Supplied material:
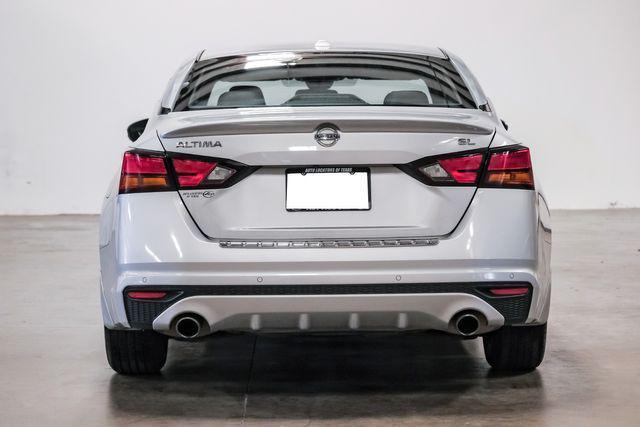 used 2021 Nissan Altima car, priced at $17,983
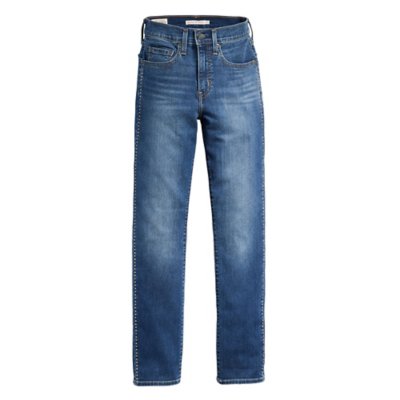 Jean femme 725 Straight LEVIS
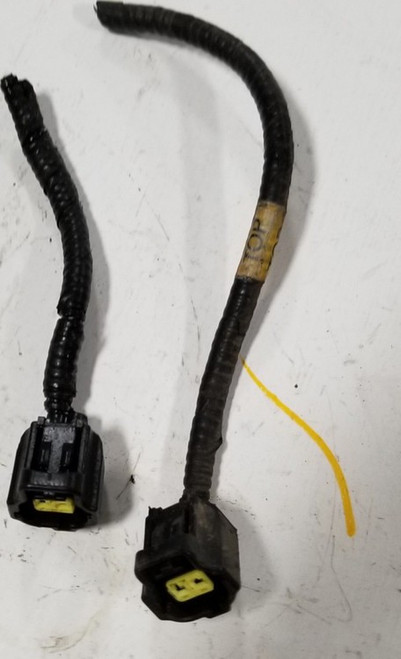 2000 to 2005 Lincoln LS V6 Upper Intake Manifold Adjuster Wire Pig Tails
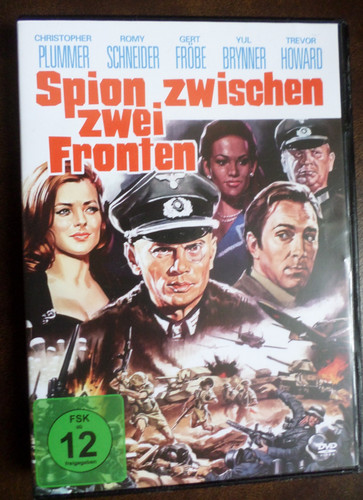 Dvd spion zwischen zwei - spion,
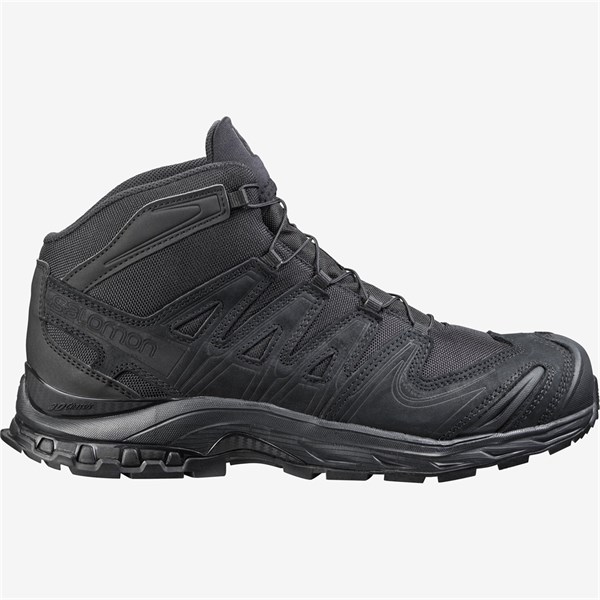 Ботинки Salomon XA Forces MID EN Black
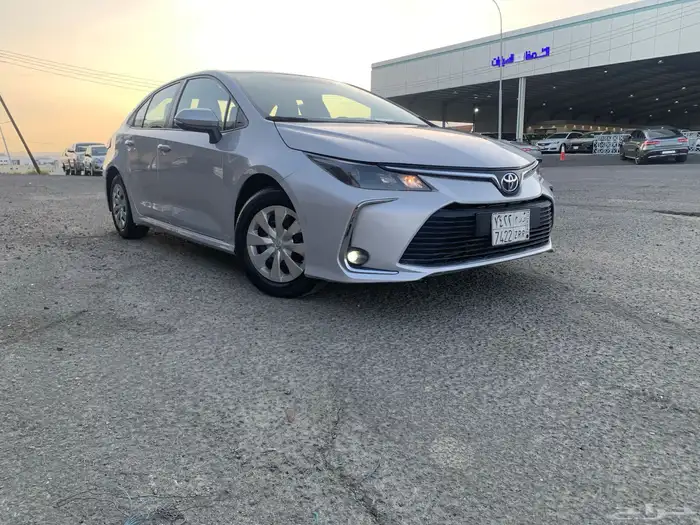 تويوتا كورلا 2023 4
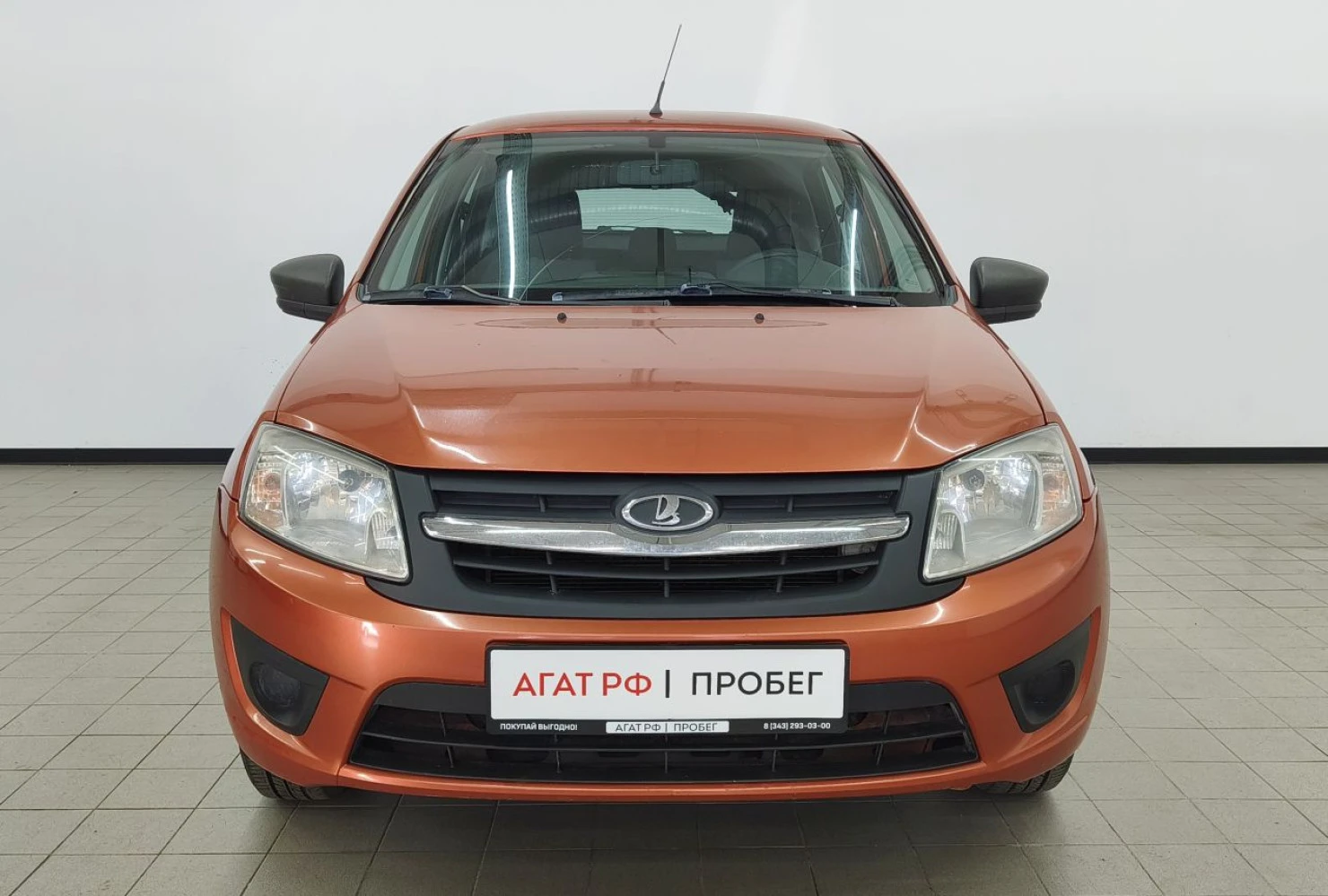 LADA (ВАЗ) Granta, 2014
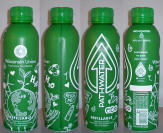 Pathwater Aluminum Bottle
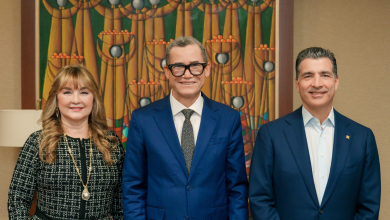 Foto de Banco Popular presentó al Ministro de Trabajo el programa de formación e innovación digital y su infraestructura tecnológica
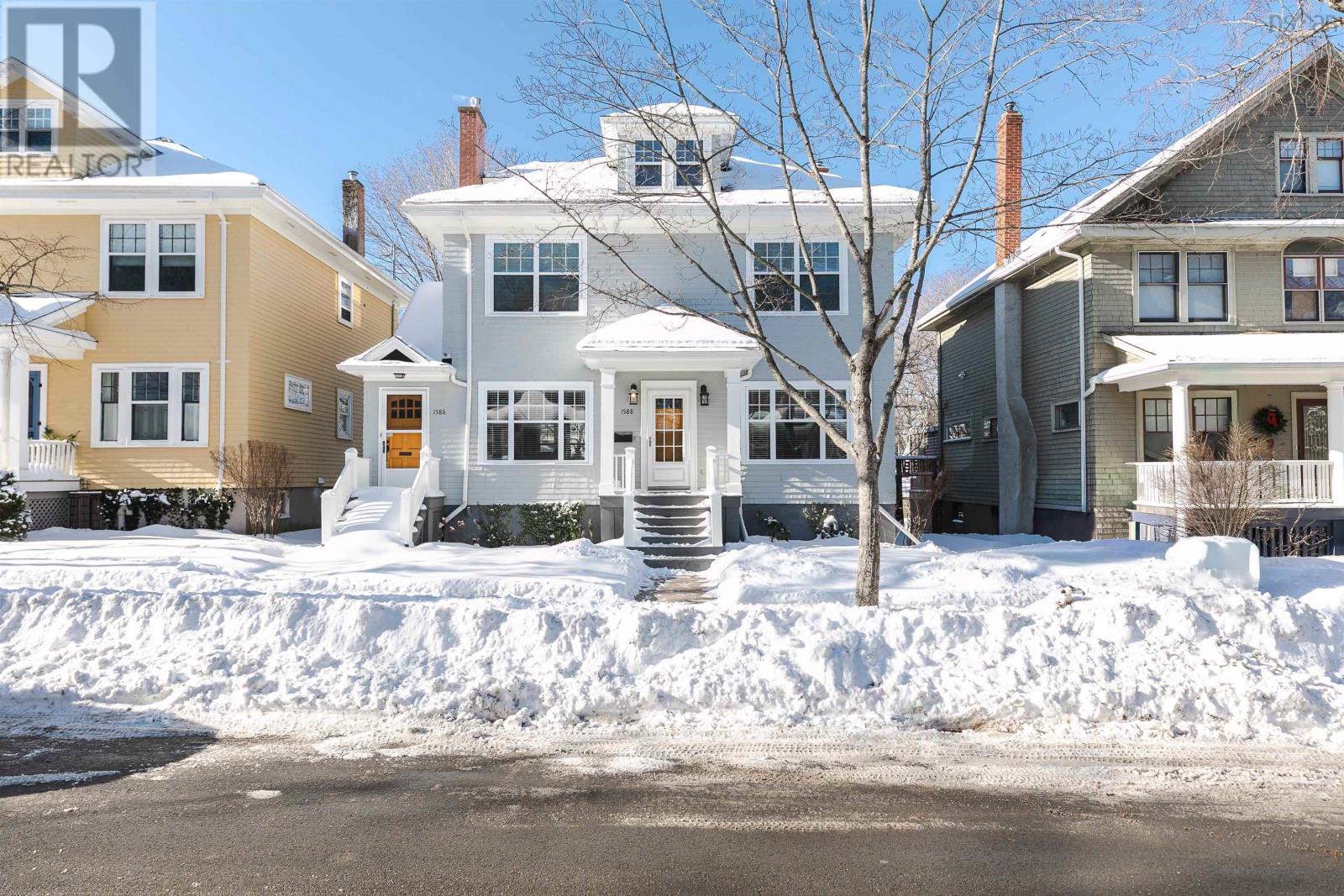 1588 Chestnut Street, halifax, Nova Scotia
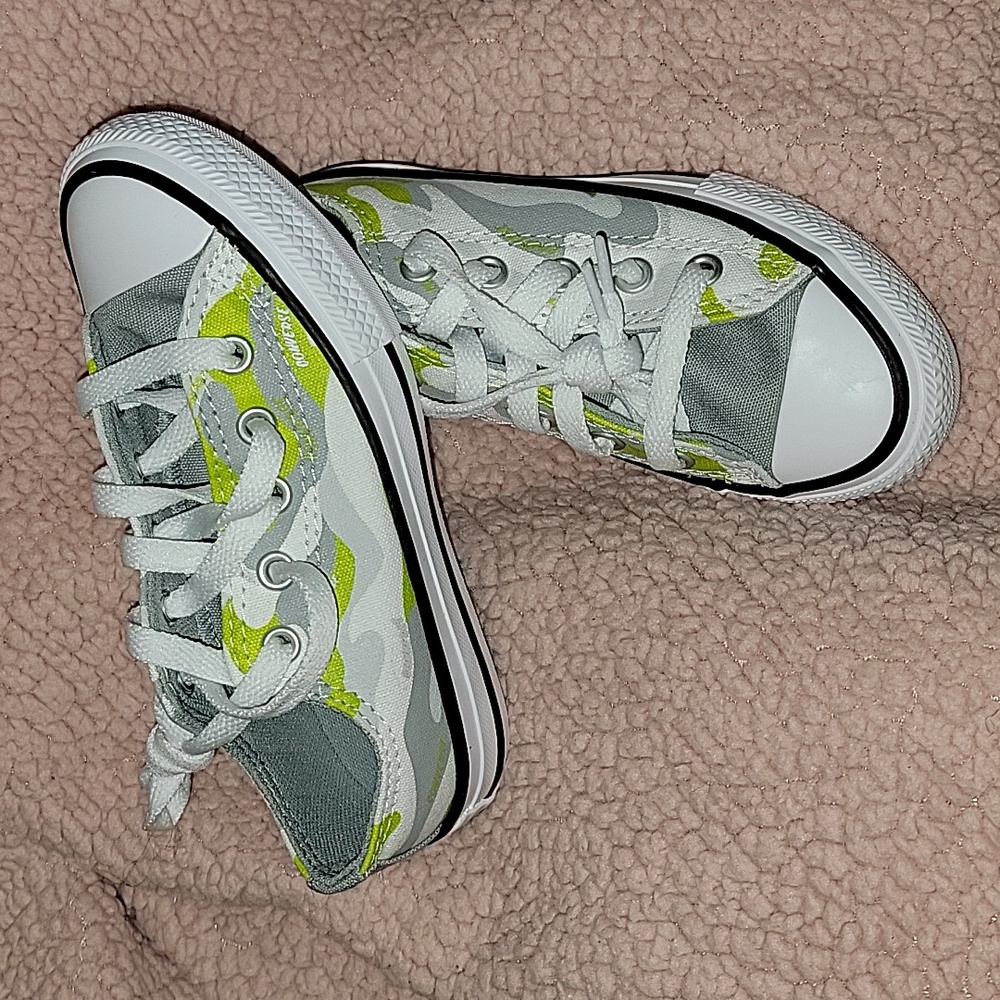 Converse Camo Y11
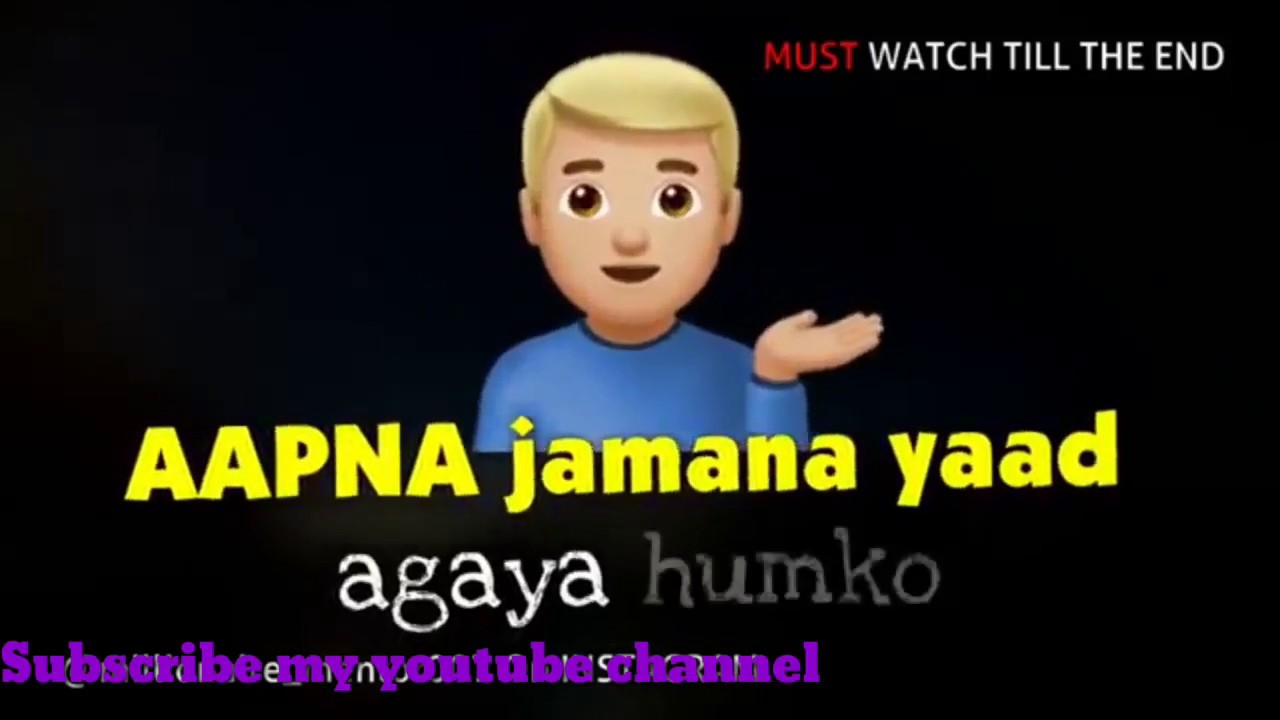 Funny Exam Time /New whatsapp status 2018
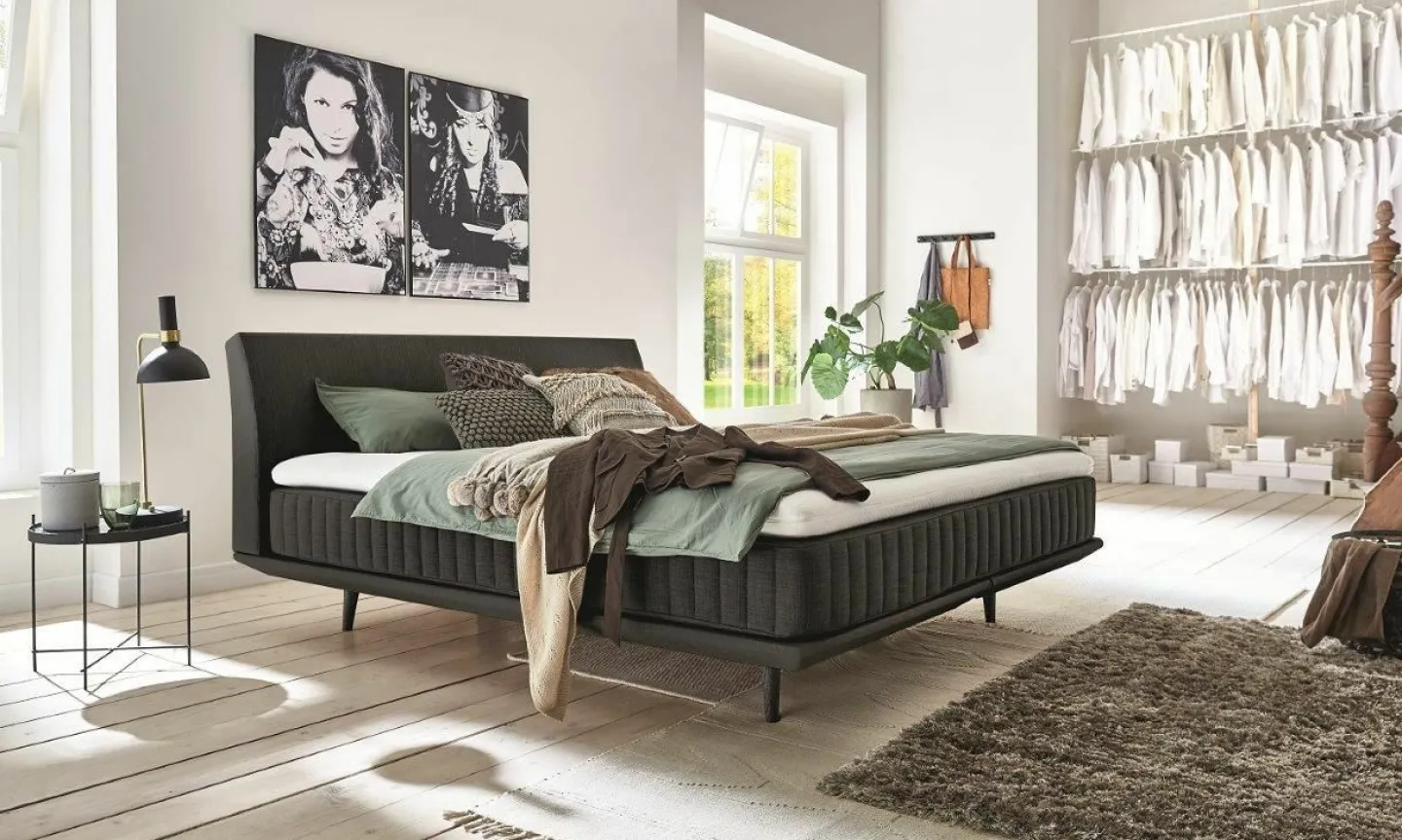 Kamjo Bedding Polsterbett MINIMUM H2* Polsterbetten|Doppelbetten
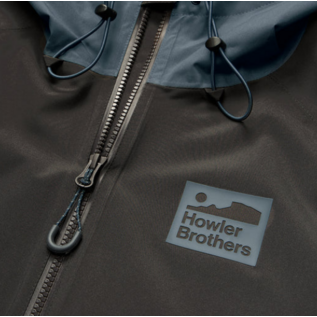 Howler Brothers Storm Splinter Rain Shell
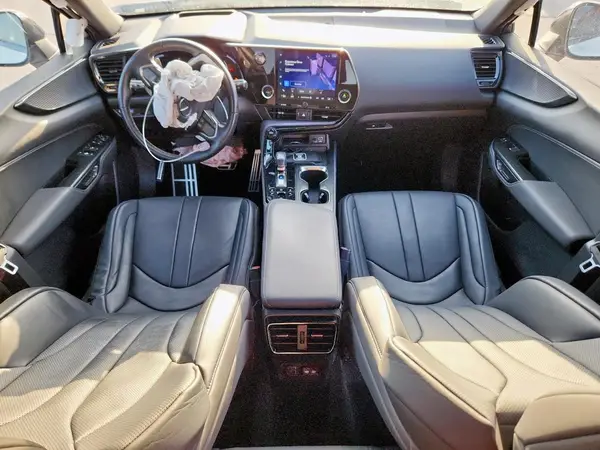 JTJKGCEZXN5003962 2022 LEXUS NX - Image 8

Your instructions:
With the pictures excluded, restate word for word each line from the one that contains "2000 to 2005" through the last line of the listing above.

Task answer:
 2000 to 2005 Lincoln LS V6 Upper Intake Manifold Adjuster Wire Pig Tails
 Dvd spion zwischen zwei - spion,
 Ботинки Salomon XA Forces MID EN Black
 تويوتا كورلا 2023 4
 LADA (ВАЗ) Granta, 2014
 Pathwater Aluminum Bottle
 Foto de Banco Popular presentó al Ministro de Trabajo el programa de formación e innovación digital y su infraestructura tecnológica
 1588 Chestnut Street, halifax, Nova Scotia
 Converse Camo Y11
 Funny Exam Time /New whatsapp status 2018
 Kamjo Bedding Polsterbett MINIMUM H2* Polsterbetten|Doppelbetten
 Howler Brothers Storm Splinter Rain Shell
 JTJKGCEZXN5003962 2022 LEXUS NX - Image 8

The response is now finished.